Iowa OSHA is investigating Marshall Ridge related to workplace safety.

“In November 2024, DIAL/IOSHA received a direct complaint from the complainant concerning the Marshall Ridge Energy Center,” Spokeswoman Stefanie Bond said in an email. “As the department is currently investigating this facility based on the November 2024 complaint, we are unable to provide further details at this time.”

Richwine’s allegations about the 2023 fire came too late for the agency to investigate.

“In December 2024, DNR (Iowa Department of Natural Resources) shared an incident tracking form with IOSHA regarding a fire that occurred in September 2023,” Bond said. “However, the information received by IOSHA in December 2024 was more than 14 months after the incident, and the statute of limitations had expired.”

How does a digester work?

Marshall Ridge, which started operations in February 2023, takes manure from Kevin and Holly Blood’s 8,000 dairy cattle, adds water and pumps the mix into one of three 1.3-million gallon digesters. The process releases gas, including methane, that is collected from the top of the digesters and filtered to remove water vapor, carbon dioxide and hydrogen to create renewable natural gas.

When The Gazette toured the Marshall Ridge site Sept. 18, Project Manager Mike Raymer said it was producing 250 to 325 Metric Million British Thermal Units (MMBTU) of renewable natural gas per day.

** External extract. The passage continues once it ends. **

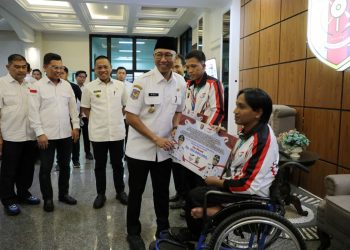 Gubernur Mirza Berikan Bonus kepada Atlet Berprestasi pada Ajang Pekan Paralimpiade Nasional  XVII Tahun 2024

Black Hills Energy injects the compressed gas into the Northern Natural Gas pipeline that runs underground near State Center. Large facilities like these can earn more than $10,000 per day in credits designed to reduce greenhouse gas emissions from industries — including agriculture.

But it hasn’t always been smooth sailing.

“Getting commissioned and getting operations is always that rough,” Raymer said in September. “Everybody wants something yesterday. We were struggling.”

Iowa DNR monitoring air quality

When energy facilities like Marshall Ridge have trouble processing methane or are doing repairs on equipment, they are allowed to flare gas into the air. But Marshall Ridge exceeded its state limit of 2,000 flare hours per year in March 2024, according to DNR records. The site again flared too much in August, records show.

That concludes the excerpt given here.